Shadowboxing exhibition by Slowscape Collective
London designers Slowscape Collective created this temporary cinema at the Royal College of Art in London from faceted planes of oriented strand board.
Called Shadowboxing, the space was designed to host an exhibition of video work plus performances, lectures and discussions.
Visitors lounged on the sloping surfaces or sat on stools folded from corrugated plastic.
Slowscape Collective is a team of students at the college.
The following details are from the designers:
Shadowboxing Exhibition / Slowscape Collective
A team of postgraduate students from the Royal College of Art has designed an event installation for an exhibition at the college in London.

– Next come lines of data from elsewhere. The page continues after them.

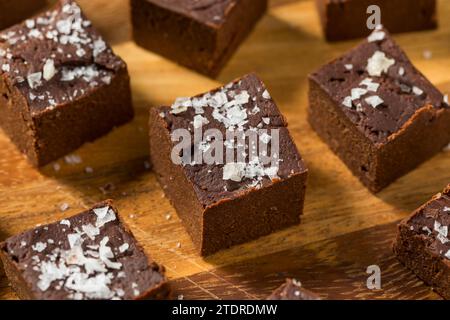 Fudge di patate dolci al cioccolato fatto in casa con sale marino Foto Stock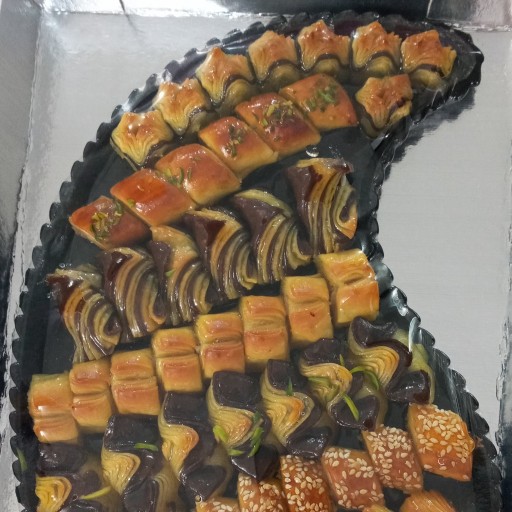 شیرینی باقلوای لبنانی 800گرمی(باجعبه) آژ
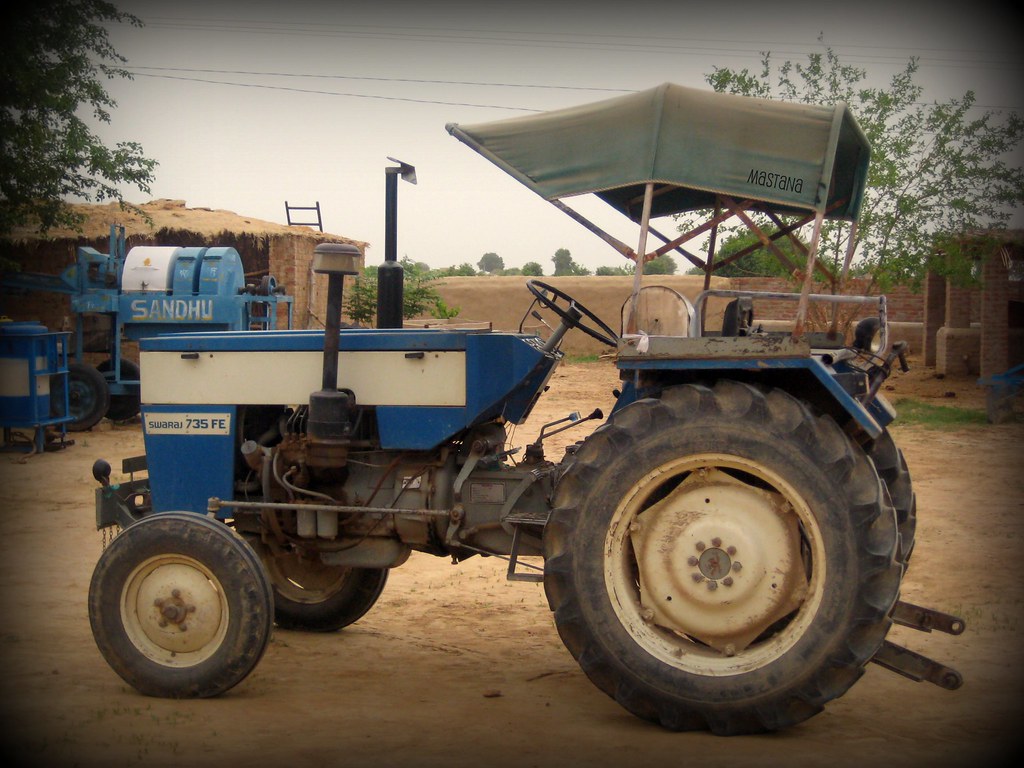 Swraj 735. Tibbi, Rajasthan Tractors are a lot of fun, they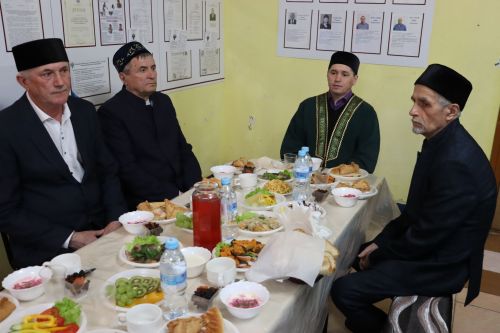 Фоат Вәлиев: “Тынычлык теләп, догалар кылыйк”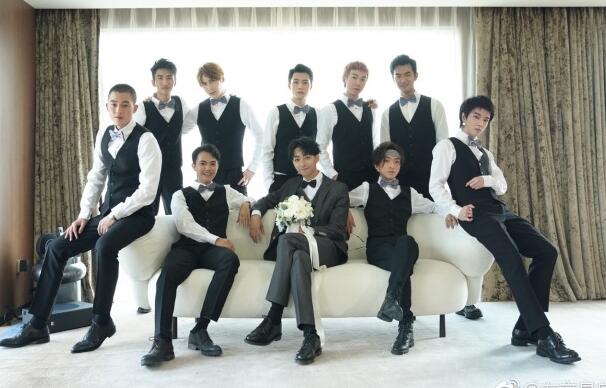 回忆杀!快男左立婚礼集齐2013快男10强 华晨宇、欧豪、于朦胧都来了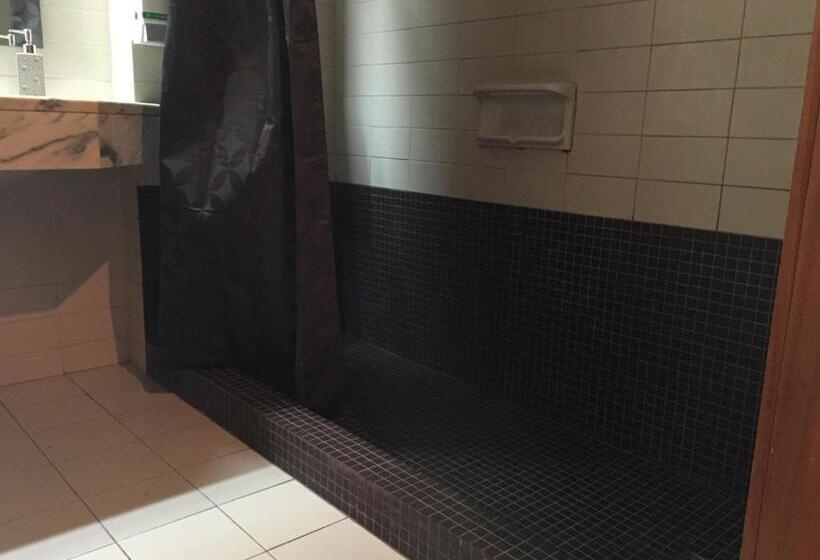 سوییت, Fiel Chef Alojamento Local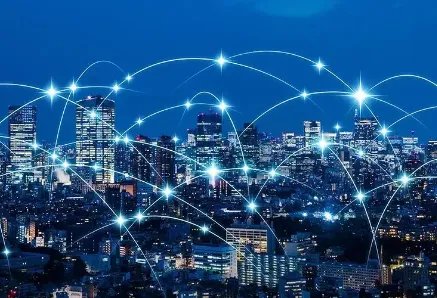 明星公告中所谓的“不想占用”的公共资源，到底指的是什么？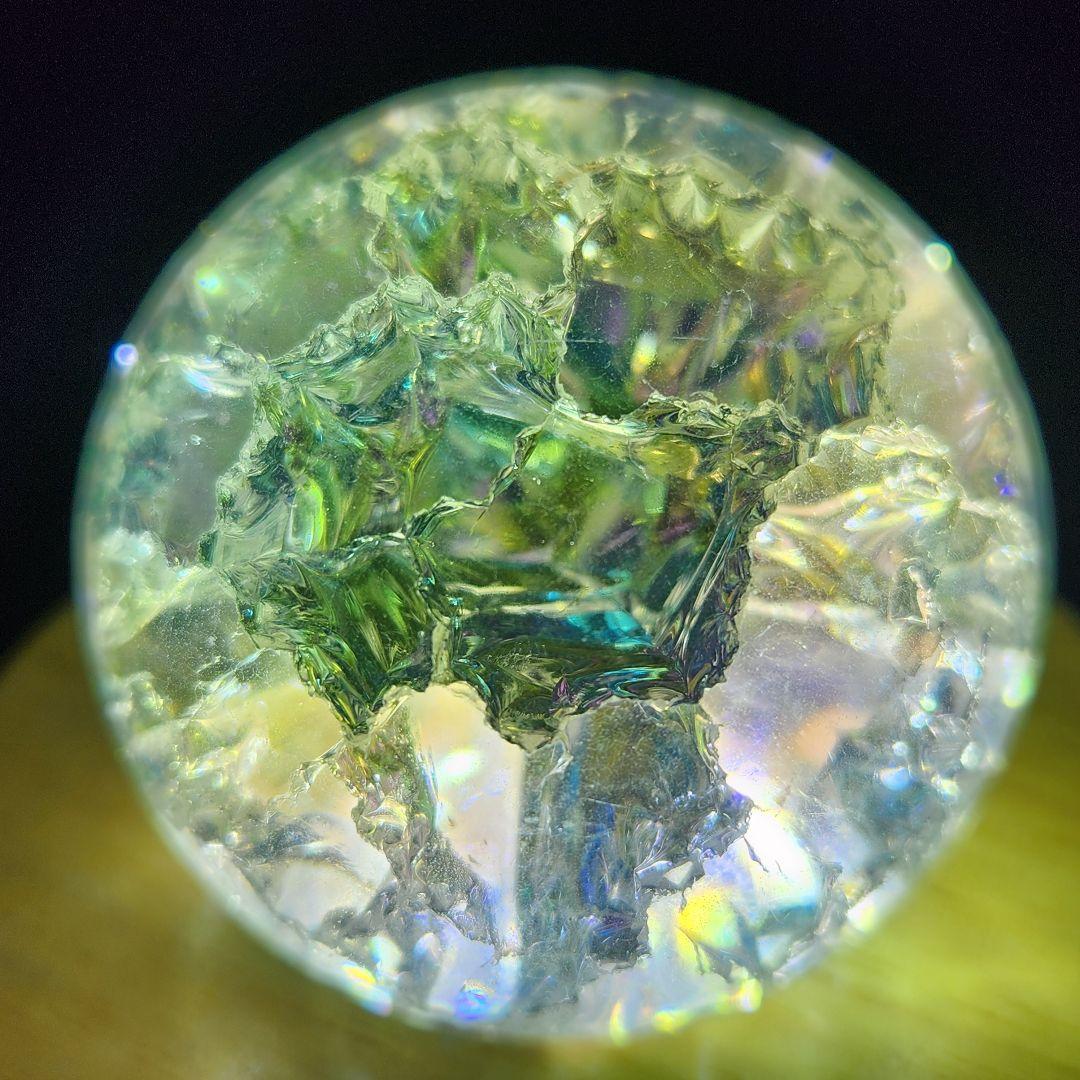 癒し【新品】エンジェルオーラクラック水晶スフィア約50ミリ★ 自動回転台座付き！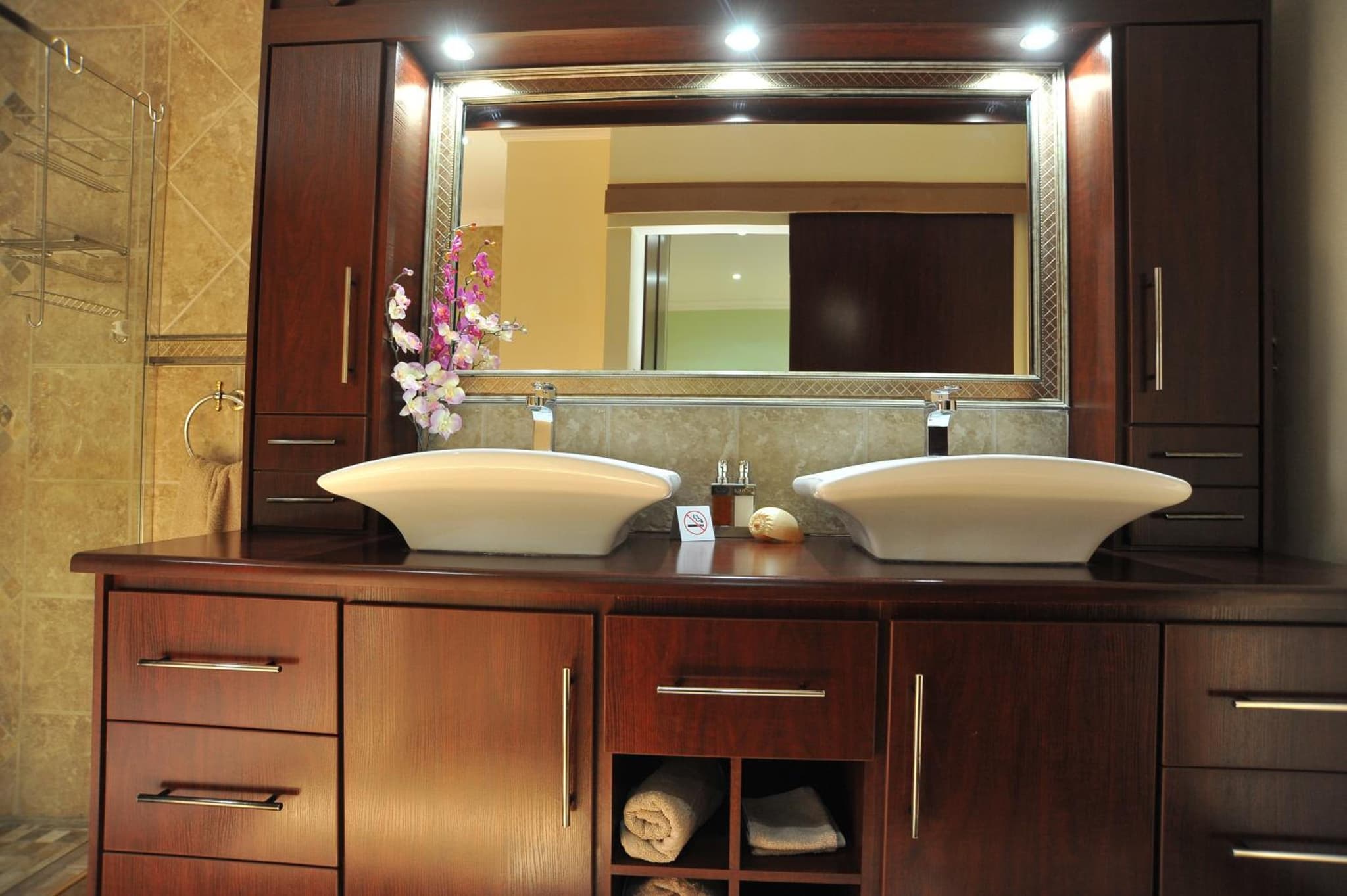Sunset Manor Guest House photo 8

A team of postgraduate architecture and design students from the Royal College of Art has conceived of and built an adaptable 90 sqm event space for an exhibition featuring the work of well-known artists including Mariana Castillo Deball and Sean Dockray.
The installation, entitled Slowscape, considers the speed of visitors’ movement through the gallery and how the subtlety of built form can encourage us to pause and engage with sound and the moving image.
The paneled timber structure gently rises across the rectilinear gallery at a canted angle, folding up to form angled balustrades and a projection tower at the rear.
From this point a platform wraps around the existing columns and walls to form benches that engage otherwise overlooked areas in the open gallery space.
While the slight incline of the ramps encourages visitors to sit or lounge on the surface, 60 lightweight recyclable stools – each folded from a single cut sheet of fluted plastic – were also designed as a comfortable alternative for more formal events and longer film screenings.
The exhibition Shadowboxing finished on April 4 after a two-week period during which Slowscape played host to screenings, performances, lectures and discussions.